> _WHAT TO WORK ON_:
The entries that follow include a run beginning at the line with "Capa Capinha Anti" and ending at the line with "Annonce ASTON MARTIN"; restate that run word for word and leave the rest out.

> _GIVEN DATA_:
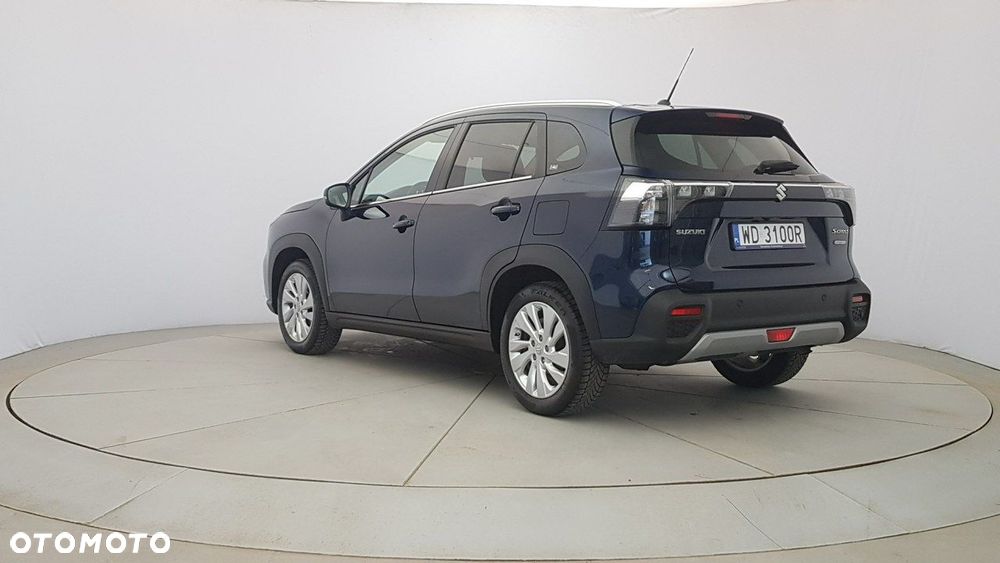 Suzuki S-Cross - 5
---
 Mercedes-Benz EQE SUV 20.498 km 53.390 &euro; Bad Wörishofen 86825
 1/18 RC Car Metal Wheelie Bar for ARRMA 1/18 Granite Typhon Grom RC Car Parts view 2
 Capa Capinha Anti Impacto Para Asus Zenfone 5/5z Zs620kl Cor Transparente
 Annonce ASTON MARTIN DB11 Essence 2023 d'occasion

> _FINISHED EXERCISE_:
 Capa Capinha Anti Impacto Para Asus Zenfone 5/5z Zs620kl Cor Transparente
 Annonce ASTON MARTIN DB11 Essence 2023 d'occasion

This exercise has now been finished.